Leon watches his walk a perfect straight line through the bar down the passage and out of the rear exit.


Deckard reels out. The door swings shut and he's sober as hell and moving fast. Around the big trash dumpster alongside the building, he plasters himself against the wall and his gun is out, aimed at the door. He's in a good spot with a perfect line of fire. Moments go by and he's glad for the time to steady himself. The SOUND of his BREATHING, the HUM of the city and the quiet.

Suddenly from behind, Deckard is swept off his feet and twirled around in Leon's bear-trap embrace.

Leon lets go and Deckard hits the pavement, skidding hard enough to tear clothes and burn skin, but he rolls out of it and comes up with gun in hand; but Leon is so fast he's already there and kicks it out of his hand.

Leon moves towards him, backing Deckard against the wall.

LEON How come you know where Zhora was so quick?

His hand is lightning. It shoots out, grabs Deckard's hair.

DECKARD I showed pictures. Somebody recognized her. I went to see.

Deckard is pale.
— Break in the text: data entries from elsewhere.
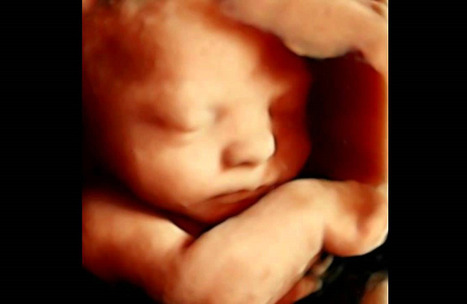 Texas Town Becomes 84th City in America to Ban Abortions | Industry 411 - Waste Management | Scoop.it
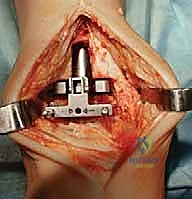 صورة طبية: استبدال مفصل الكاحل الكلي: استعادة الحركة والتخلص من الألم مع الأستاذ الدكتور محمد هطيف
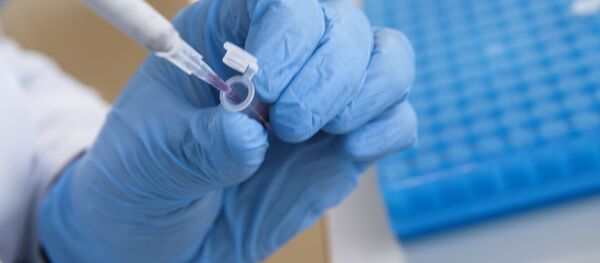 Разработка экспресс-тестов на коронавирус Разработка экспресс-тестов на коронавирус - Sputnik Узбекистан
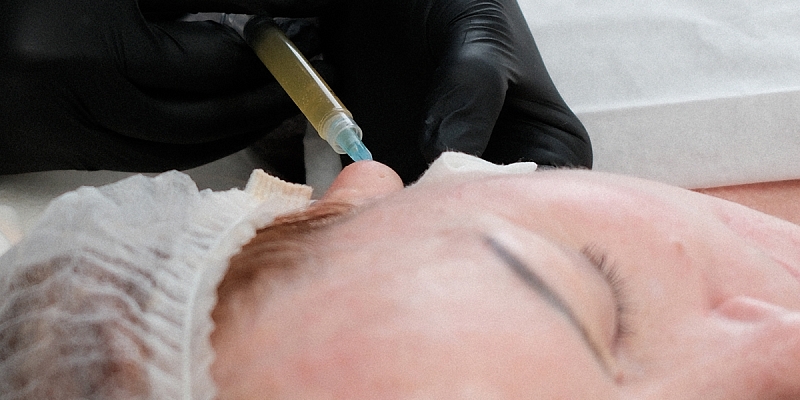 Injekciju kosmetoloģija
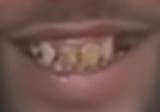 dl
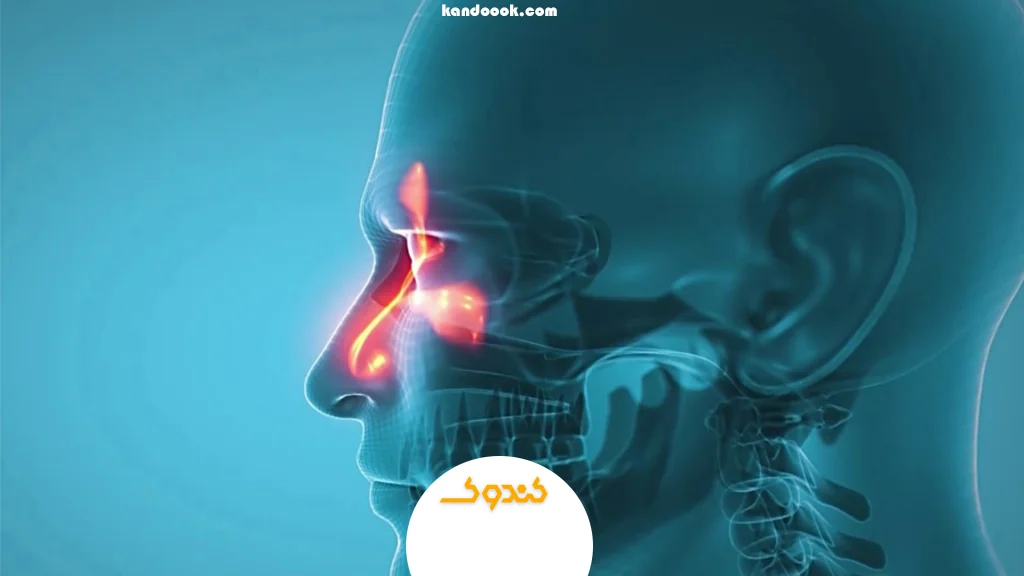 بخور عسل (برای باز کردن سینوس و کاهش التهاب)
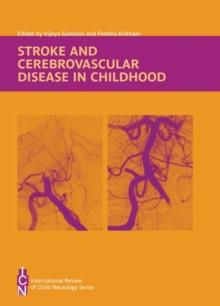 Stroke and Cerebrovascular Disease in Childhood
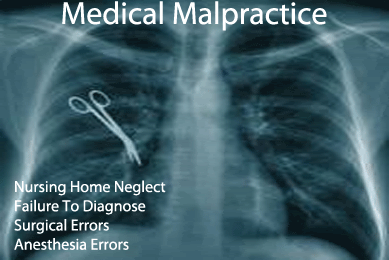 Medical malpractice — surgical error X-ray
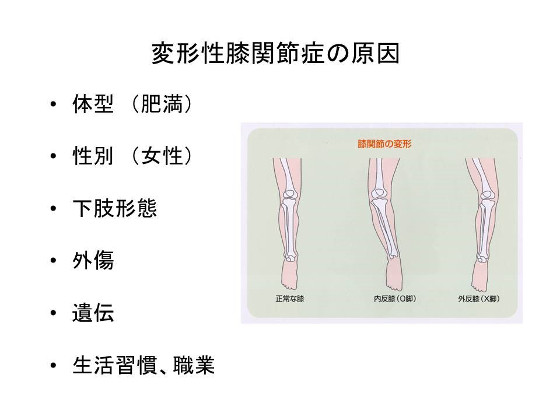 変形性膝関節症の原因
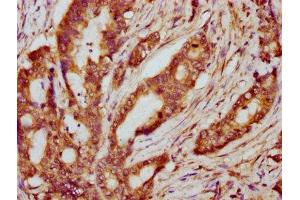 IHC image of ABIN7169246 diluted at 1:600 and staining in paraffin-embedded human colon cancer performed on a Leica BondTM system. (PPP2R2B anticorps  (Regulatory Subunit B))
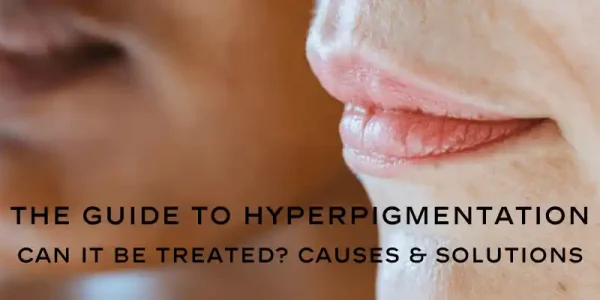 Close-up of two lips illustrating hyperpigmentation with text overlay: "The Guide to Hyperpigmentation - Can It Be Treated? Causes & Solutions."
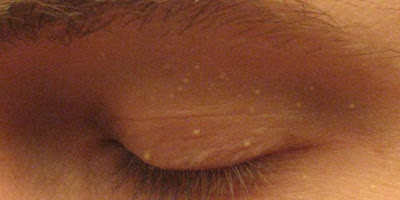Cara Menghilangkan Bintik Di Bawah Mata Dan Kelopak Mata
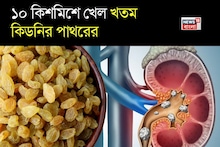 Kidney Stone & UTI: প্রস্রাবে জ্বালাপোড়া? তলপেটে ব্যথা? ১০-১৫ টা কিশমিশেই খেল খতম কিডনিতে জমে থাকা পাথরের! জানুন কীভাবে খাবেন!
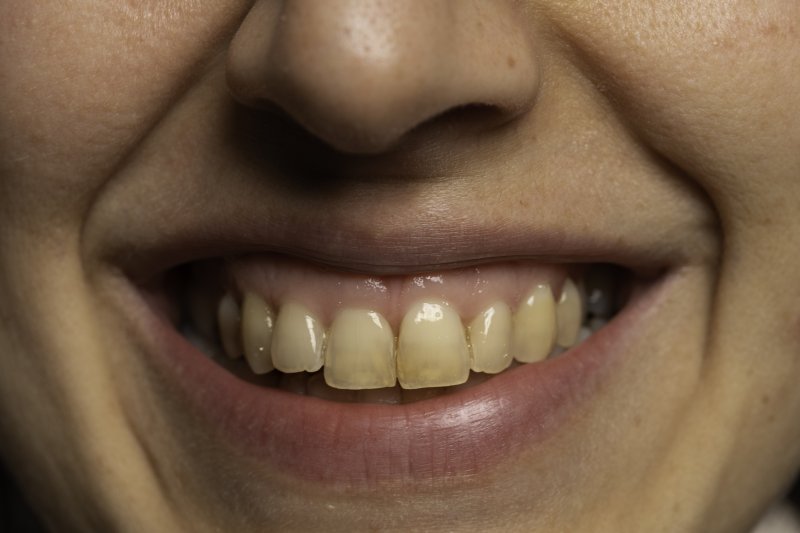 closeup of mouth with stained teeth in San Marcos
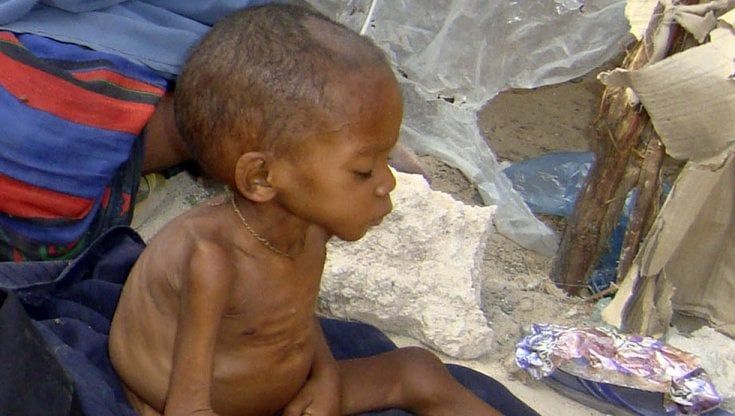 Etiopia, bambini malnutriti, fragili e adesso esposti anche al rischio di ammalarsi di colera o di morbillo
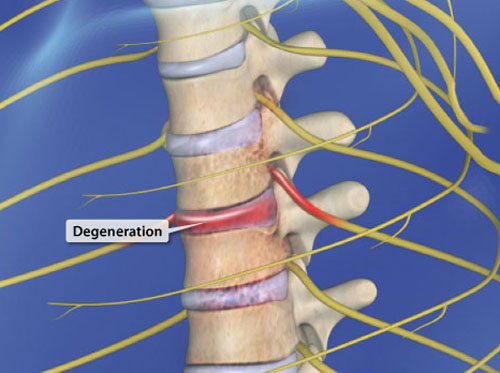 Video - Spinal Stenosis (Thoracic) - HealthClips Online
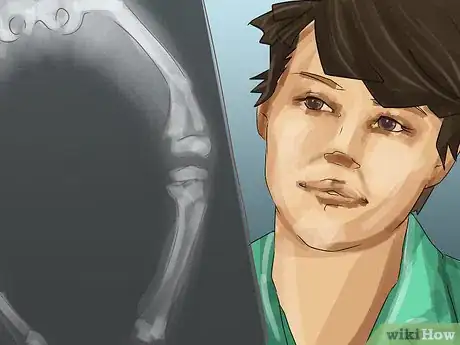 Image titled Treat Rickets Step 11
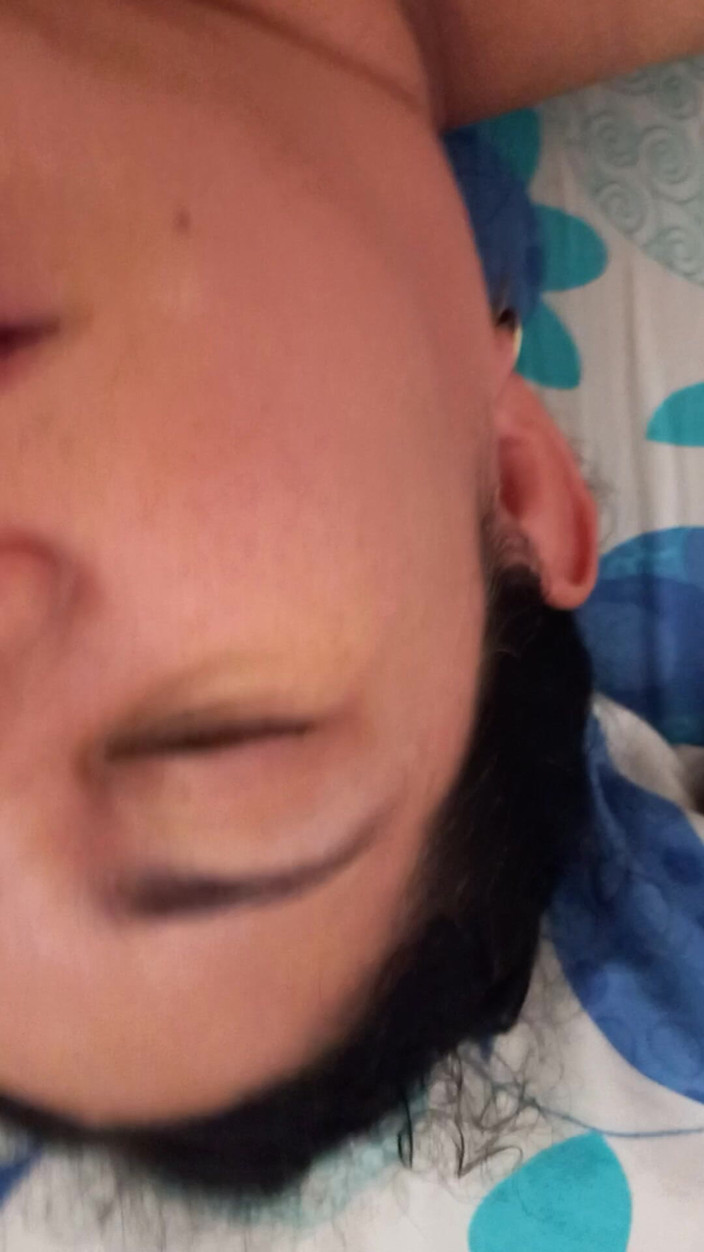 Valkyrie and Luigy Couple: 24. ヴァルキリーのためのミルクヨーグルト プロバイオティクス豊富な健康的なスナック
The sweat is starting to run.

LEON How old am I?

DECKARD I don't know.

The grip tightens and twists.

LEON My birthday is April 10, 2015. How long do I live?

DECKARD Four years. He lets go.

LEON More than you.

Deckard's knees come up fast. Leon's fist comes down faster, like a hammer.

LEON Painful to live in fear, isn't it.

Deckard is doubled over, hugging his thigh.

LEON But that's how it is to be a slave. The future is sealed off, he grovels, he waits.

Even hurt, Deckard is fast. He goes for his ankle gun, but Leon's got it out of his hand before he can even raise it and throws it down the alley.

Deckard hurls forward, knocking him off balance, and scrambles to get away. Leon grabs him by the foot, drags him back and jerks him off the ground.

LEON Sex, reproduction, security, the simple things. But no way to satisfy them. To be homesick with no place to go. Potential with no way to use it. Lots of little oversights in the Nexus 6.

He slams Deckard into the wall.

LEON I tell you, nothing is worse than having an itch you can never scratch.

Deckard slides down the wall to his knees and huddles, protecting his head with his arms, waiting for the next one.

Leon folds his big hands together and raises them over his head, pausing just a second to savor the satisfac- tion of smashing Deckard's skull.

The spasm that runs through Leon's face is not from satisfaction. It's the bullet that went through his neck. He hits the ground hard, his big teeth biting the air like a rabid dog. Dead.

Rachael is standing in the alley. Deckard lies there looking at her. She comes slowly and quietly forward and drops Deckard's gun by his side.

Deckard gets to his hands and knees and tries to get up, but can't quite manage it. He looks up at her, panting, spits blood and almost smiles.

DECKARD Like I said, I don't need your help.

After a long moment, she bends down to touch him.

RACHAEL You look terrible, you know that?


He's lying in the tub with a drink, eyes half mast, water up to his chin, bruised and beat, but looking just a little wicked in his balmy luxury.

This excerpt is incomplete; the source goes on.